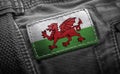 Tag on dark clothing in the form of the flag of the Wales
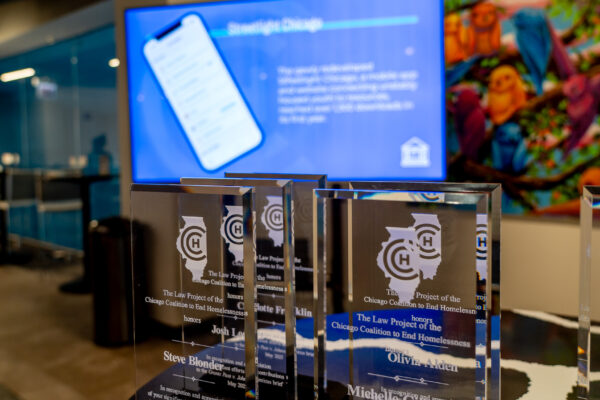 Glass awards with an etched CCH logo are in the foreground with a blue projection screen in the background.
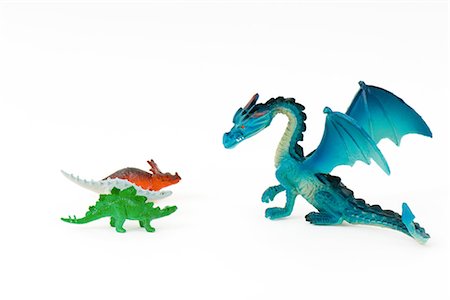 simsearch:695-03380351,k - Dragon jouet face à trois dinosaures petit jouet Photographie de stock - Premium Libres de Droits, Code: 695-05768899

_Goal of the exercise:_
Reproduce, exactly and with no pictures, the lines from the line containing "Glass awards with" through the closing line of the data above, keeping both ends.

_Task response:_
 Glass awards with an etched CCH logo are in the foreground with a blue projection screen in the background.
 simsearch:695-03380351,k - Dragon jouet face à trois dinosaures petit jouet Photographie de stock - Premium Libres de Droits, Code: 695-05768899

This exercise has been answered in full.